A postscript was added:

“Mr. Grimshaw has dark, disconcerting eyes. I’m afraid he’s very poor.”

To this artless epistle Miss Tiddle replied by return of post.

“I wish I were at Wilverley,” she wrote, “because your letter is a dead give-away. You’re working up a ‘pash’ for this young man with the disconcerting eyes!!! And I’ll bet my string of pearls against a boot-lace that he’s a better chap than your Arthur, who doesn’t appeal to me at all. I see by the peerage that he’s nearly forty, and probably getting bald. Why does he talk to you? Why not write to me as a pal should? Before you get this, he may have proposed, without a word of warning from me. And likely as not you’ll blush and say ‘yes,’ because, obviously, the whole thing has been a put-up job. My tip is: flirt sweetly with both of them, and don’t commit yourself! I have three affairs on—no end of a rag! If necessary, I’ll have a go at your Arthur. Try him out! I expect he’s too fat, mentally and physically, for my taste. But I’d sacrifice myself for you. I shall look forward to meeting Mr. Grimshaw. If he’s poor and clever, he’ll reach up and help himself to the needful, with you dangling at the end of the pole as a prize.

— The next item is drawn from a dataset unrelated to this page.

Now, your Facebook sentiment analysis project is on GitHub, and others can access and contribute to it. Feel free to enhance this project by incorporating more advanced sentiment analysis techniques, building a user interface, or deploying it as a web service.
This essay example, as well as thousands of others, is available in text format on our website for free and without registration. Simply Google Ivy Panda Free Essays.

“My lady-mother is pinching too. We no longer dine the people we don’t like. But we shall freeze on to our footmen till public opinion wrenches them from us....”

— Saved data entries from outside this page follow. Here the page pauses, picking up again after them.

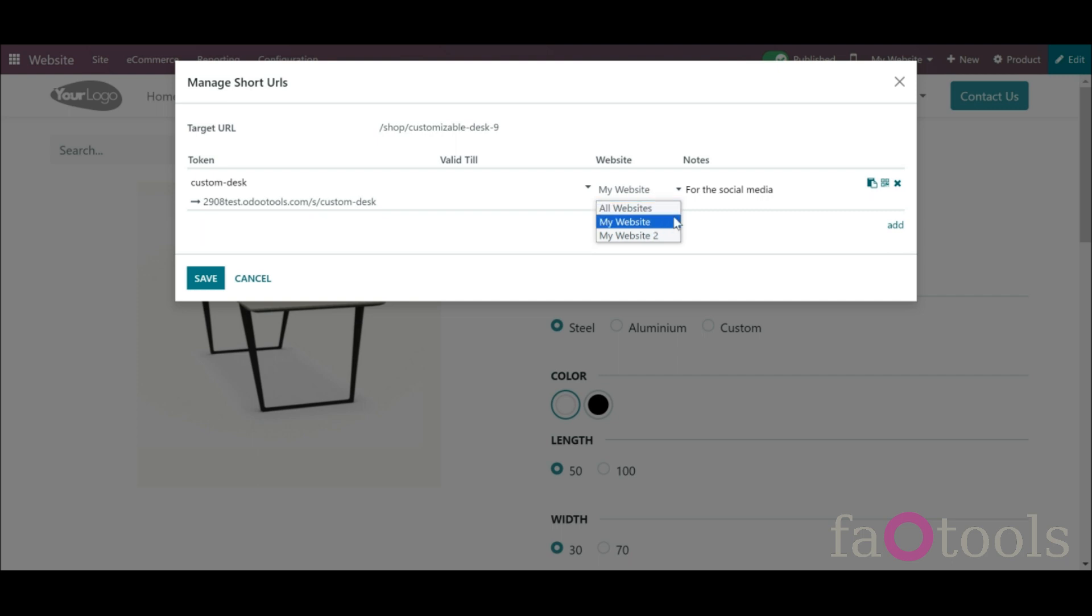By applying a short URL to one, several, or all sites, you define the websites to which the created short links will lead. For example, if you have a similar product with the same link on all of your websites, then you can set the short link for all three at once.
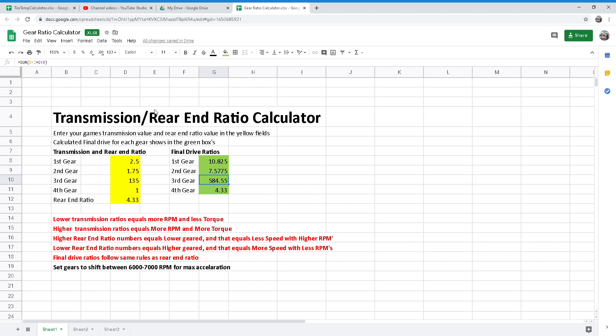Like the differential and transmission ratios, the final drive ratios are read in the same manner. A higher number means a lower gear. A short gear gives quicker acceleration, but because the engine must turn faster, fuel mileage and top speed are lower. Tall gears give smoother acceleration and higher top speed at the expense of quick acceleration.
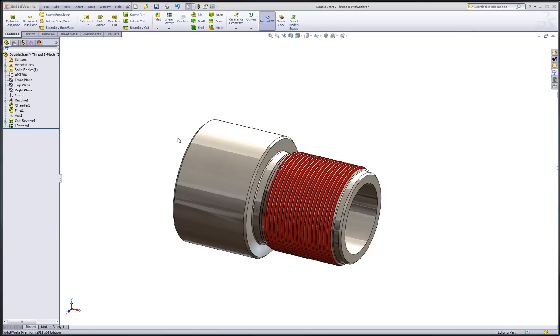For part three in our series of demonstrations on creating threaded features, I want to show you how we can leverage some of the tools in SOLIDWORKS part mode to very quickly create section views and use those in a drawing.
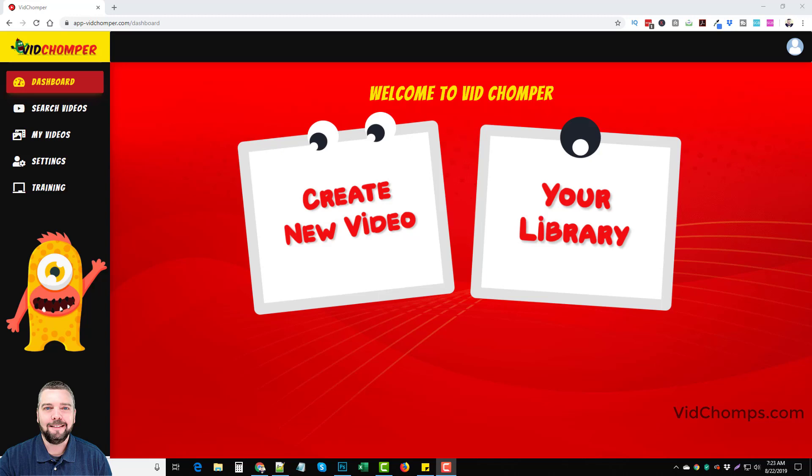Hey this is Chris and in this video I'm going to show you guys how I've been using VidChomper. Now I have some other video reviews that go more into detail as what VidChomper is, but in this video I basically want to show you how I've been using it for affiliate marketing because that's what I do full time.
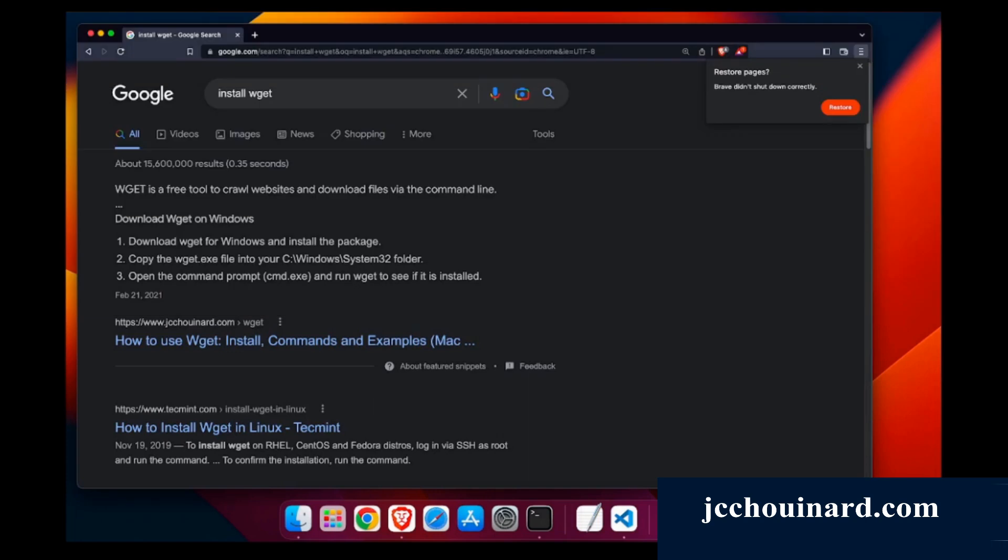Hi everyone, my name is Jacques-Restaf Chouinard. Today we'll learn how to install WGET on Mac. WGET is a free tool to crawl websites and download files by command line or terminal.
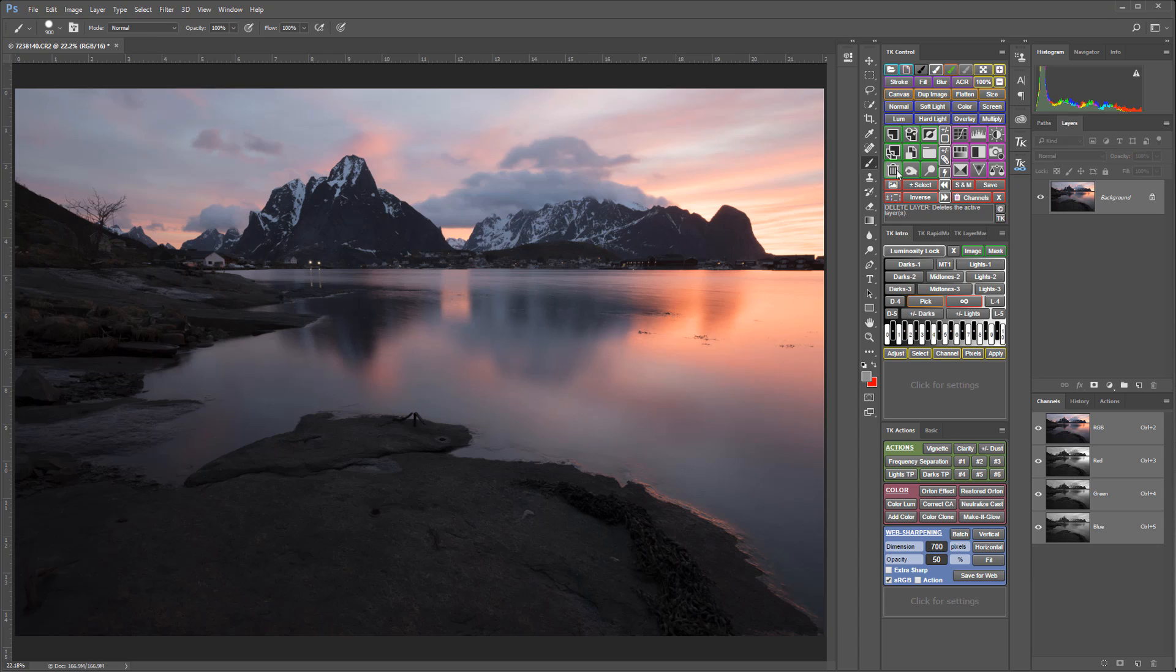Luminosity masks are just like painted masks in that they control where and how much the adjustment is applied, and they also use white, black, and shades of gray to do this. However, the tones in a luminosity mask are calculated from the luminosity value of each pixel in the image, so they match the image details pixel for pixel. They feather perfectly with the image tones and they do not leave edges or halos.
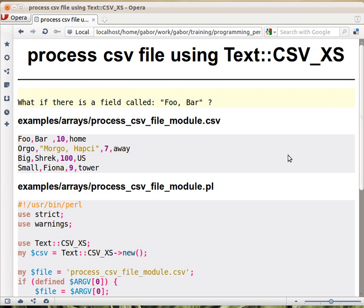All these solutions for processing CSV files were really nice, but actually they don't always work.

This letter constrained Cicely to collate her virginal thoughts with Miss Tiddle’s vulgar words. Vulgar, be it noted, is used as “vernacular.” Shakespeare might have described Miss Tiddle’s prose as “naked as the vulgar air.” Lady Selina might have used the adjective in its commoner acceptation. It would have shocked her inexpressibly had she been told that her child was “working up a pash” for anybody, even if he were a young duke with all the gifts of the gods. Cicely, however, knew her “Tiddy,” and took no offence. But ... was she thinking too much of this man with the disconcerting eyes? Did he stand, square to the four winds of heaven, between herself and Arthur? She asked herself the question when she was engaged in preparing a pailful of disinfectant. One would prefer to envisage the nymph in a fragrant rose-garden, plucking the dewy blossoms, inhaling with them the sweet freshness of morning.... Cicely had just finished scrubbing the floor of the dispensary; the pungent odour of carbolic assailed her pretty nose. And it served well enough, better perhaps than any rose, to kill the parasitic sentimental growths which so often clog and obscure a maiden’s true understanding of herself.

What was Grimshaw to her?

Being still a child in many ways, she applied the nursery test. If she were in a boat with the two men, and the boat upset, and it were possible for her to save one of the two, which one would be saved?

Her lively imagination, unduly stimulated by Tiddy’s prose, beheld the two appealing faces mutely beseeching her for life and love. She hesitated. The heads sank, to bob up again. She positively shivered with indecision. Then she laughed. The prescient Tiddy had hit the mark. Arthur was ... well, not thin. He suggested floating. If he turned on his broad back and stopped struggling, he would float. But Grimshaw would sink ...!

The test sufficed. Cicely filled her pail, and carried it demurely into a ward.